Our friends at the Walk in the Park blog are commenting critically on the idea that taking away parkland makes sense from an economic development standpoint:
"State Senator Jose Peralta is apparently not grasping that the proposed project would be in the center of a 1200 acre heavily used public park. "Major League Soccer is going to make a great economic impact in this area, he told told WABC News,
"And we're talking about over 2,000 construction union jobs. We're talking about 1,100 permanent jobs when it comes down to it. And that's what it's all about. It's about bringing economic development back into Queens."
The "area" he refers to which that he says will create a "great economic impact" is a public park which by law can not be for such purposes. In fact State law - which he has taken an oath to uphold - prohibit such commercial development."
Flushing Meadows is a great recreational resort for the communities that Peralta serves-and if he was so concerned about jobs he would be on a huge soapbox screaming about the assault in Willets Point, next door to the park, on 2500-mostly Latino immigrant-jobs and businesses that are slated for condemnation because the mayor wants to transfer the property to his friends.
As the WTP blog goes on to point out there are three projects in total that are going to be built on parkland if the mayor and his cronies get their way: "The 1200 acre Flushing Meadow- Corona Park, and the surrounding community is currently under-siege by two other commercial projects being proposed; a 8,000-seat U.S. Tennis Association stadium, including a large parking garage, and an enormous mall next to Citi Field as part of the EDC's Willets Point Development that the City is not planning seeking parkland alienation approval for."
The huge hint that something non-Kosher in government is taking place can be found when the pols resort to euphemisms to describe their activities-and we can see this clearly with Flushing Meadows:
"Both the State Senator and the Mayor seem to be confused about where exactly these projects are located. A Bloomberg spokesperson said the projects are vital to reviving - (again), "the area."
"In all of our conversations with Queens community groups, we hear the same message consistently: the borough needs more jobs and economic activity.
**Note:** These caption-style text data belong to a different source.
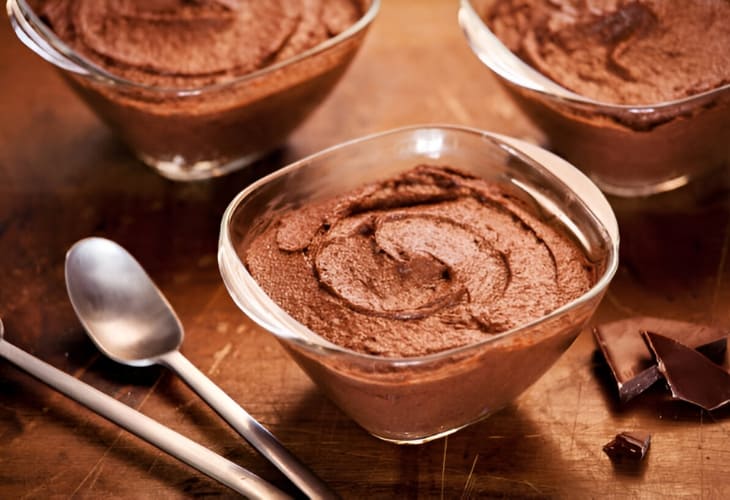 EL mejor mousse de chocolate casero.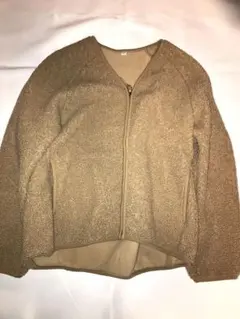 ボアフリースVネックフルジップカーディガン長袖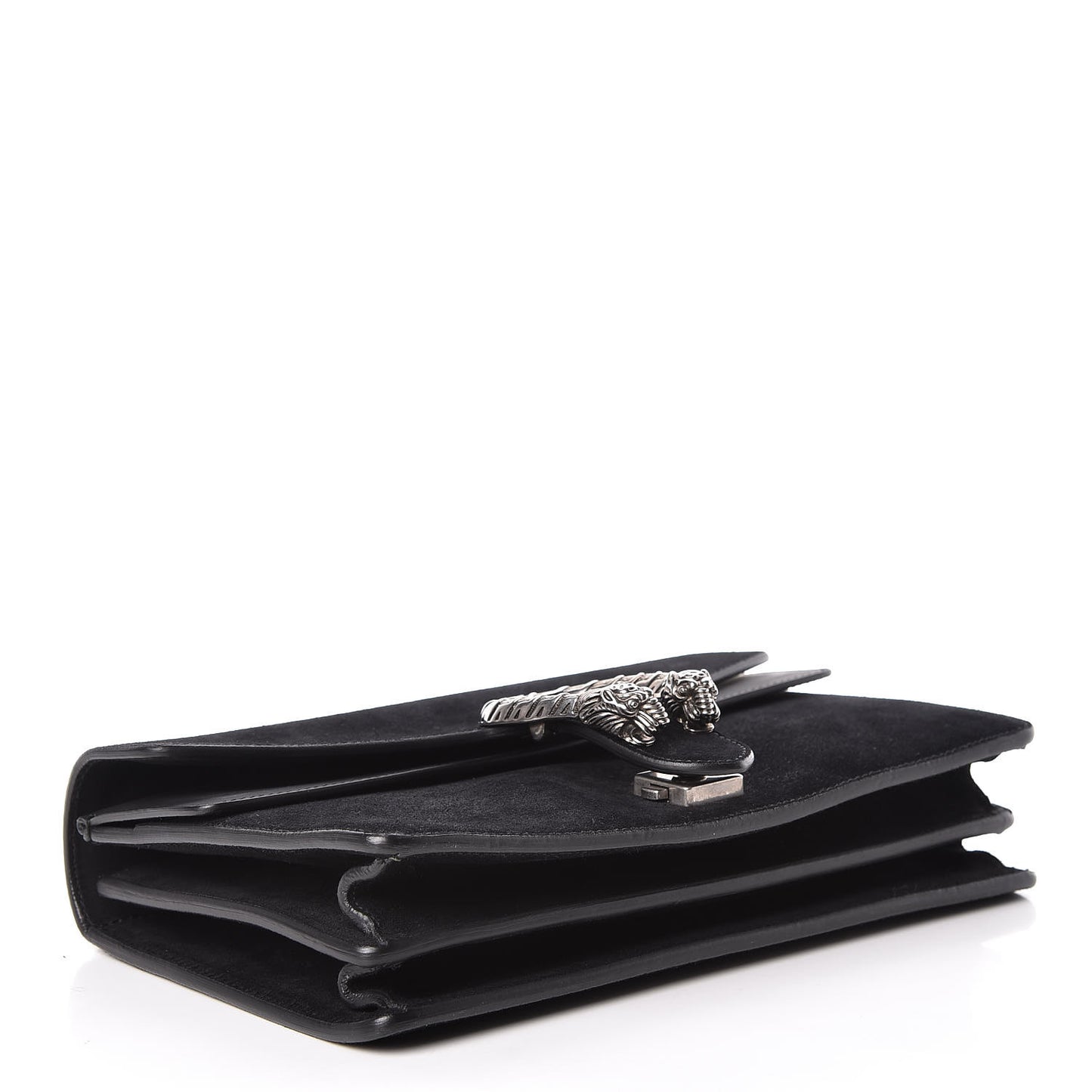 Suede Small Dionysus Shoulder Bag Black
These projects would meet that need in spectacular fashion and provide employment to thousands of Queens residents," said spokeswoman Julie Wood."
Of course, a lot more jobs would be available right in Flushing Meadows if the Parks Department budget hadn't been cut so that park maintenance was so poorly looked after-and let's not forget the deal that allowed the Mets to keep parking revenues that went to the city before CitiField was built. As the NY Times reported about the deals struck for both teams (via Wikepedia):
"The plan also said that the teams would be allowed to keep all parking revenues, which state officials had already said they wanted to keep to compensate the state for building new garages for the teams. The teams would keep 96% of ticket revenues and 100% of all other revenues, not pay sales tax or property tax on the stadium, and would get low-cost electricity from New York state. Business officials criticized the plan as giving too much money to successful teams with little reason to move to a different city."
All of this has been a hallmark of the Bloomberg administration-using the mantra of economic development to award lucrative deals to its friends and in the process giving short shrift to the lower orders who fly so far below the mayor's radar-except when he's looking to control their eating behavior.
As the park advocates make clear what is needed is a full environmental review of all three of these projects-and not during the shotgun wedding climate of Ulurp, but before, so that a sober assessment can be made. The advocates get the last word:
"A public scoping meeting for Willets Point Development is being held on Thursday, September 27, 2012, at P.S. 19 Marino Jeantet, 98-02 Roosevelt Avenue, Queens, New York, at 4:30 P.M. Opponents of the plans are calling for a full environmental review of all three projects to access the cumulative impacts before any of the projects begin ULURP.